Exercise:
Your answer must be the line containing "Trust GXT 714" and each following line to the end of the listing below, copied exactly, with pictures removed and nothing added.

Collected data:
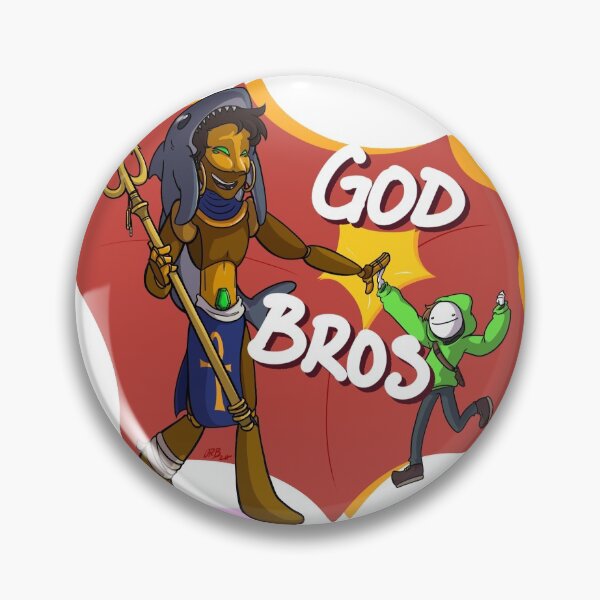 Item preview, God Bros designed and sold by OrbManson7.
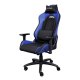 Trust GXT 714 RUYA Sedia per gaming universale Nero, Blu 3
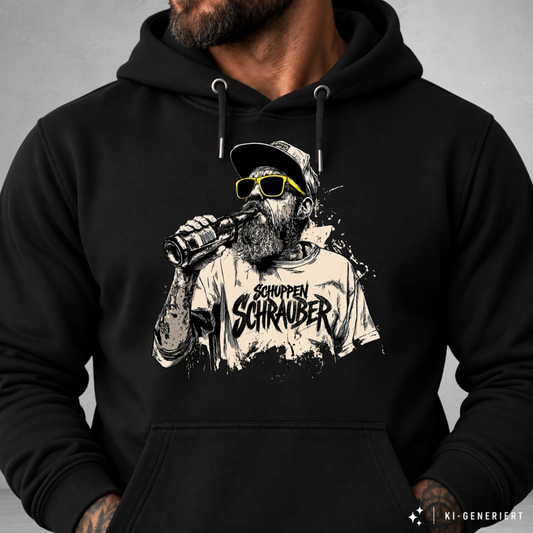 Hoodie Softstyle®. Schuppenschrauber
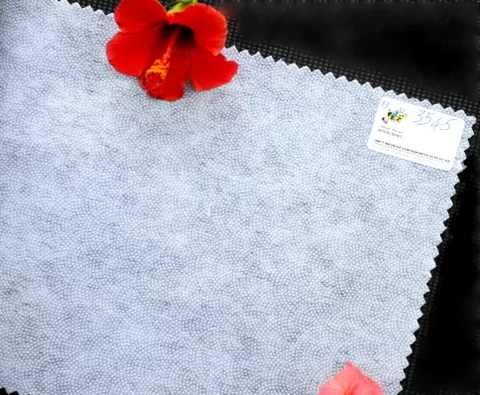 Microdot Fusible Interlining Non Woven Fabric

Reply to the task:
 Trust GXT 714 RUYA Sedia per gaming universale Nero, Blu 3
 Hoodie Softstyle®. Schuppenschrauber
 Microdot Fusible Interlining Non Woven Fabric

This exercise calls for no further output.